Once the line with "Rent 6 bedroom" is found in the entries below, repeat it and each following line exactly, up to and including the line with "Boxer PACCO DA". Add no other lines.

Data for this task
*** Block opens ***

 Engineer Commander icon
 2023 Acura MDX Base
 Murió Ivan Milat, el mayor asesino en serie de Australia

*** Block closes ***
*** Block opens ***

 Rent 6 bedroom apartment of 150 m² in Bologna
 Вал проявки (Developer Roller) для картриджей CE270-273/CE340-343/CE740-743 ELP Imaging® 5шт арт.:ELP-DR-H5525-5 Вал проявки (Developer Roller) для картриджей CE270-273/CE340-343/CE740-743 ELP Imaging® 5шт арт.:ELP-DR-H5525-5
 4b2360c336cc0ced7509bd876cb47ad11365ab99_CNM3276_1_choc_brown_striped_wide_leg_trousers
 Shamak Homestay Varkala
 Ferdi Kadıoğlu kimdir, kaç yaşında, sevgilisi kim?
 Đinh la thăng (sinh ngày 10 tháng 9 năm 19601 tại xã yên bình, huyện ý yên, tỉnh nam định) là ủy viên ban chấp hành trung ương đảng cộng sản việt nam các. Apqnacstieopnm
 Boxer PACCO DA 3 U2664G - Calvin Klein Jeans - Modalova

*** Block closes ***

Your response
 Rent 6 bedroom apartment of 150 m² in Bologna
 Вал проявки (Developer Roller) для картриджей CE270-273/CE340-343/CE740-743 ELP Imaging® 5шт арт.:ELP-DR-H5525-5 Вал проявки (Developer Roller) для картриджей CE270-273/CE340-343/CE740-743 ELP Imaging® 5шт арт.:ELP-DR-H5525-5
 4b2360c336cc0ced7509bd876cb47ad11365ab99_CNM3276_1_choc_brown_striped_wide_leg_trousers
 Shamak Homestay Varkala
 Ferdi Kadıoğlu kimdir, kaç yaşında, sevgilisi kim?
 Đinh la thăng (sinh ngày 10 tháng 9 năm 19601 tại xã yên bình, huyện ý yên, tỉnh nam định) là ủy viên ban chấp hành trung ương đảng cộng sản việt nam các. Apqnacstieopnm
 Boxer PACCO DA 3 U2664G - Calvin Klein Jeans - Modalova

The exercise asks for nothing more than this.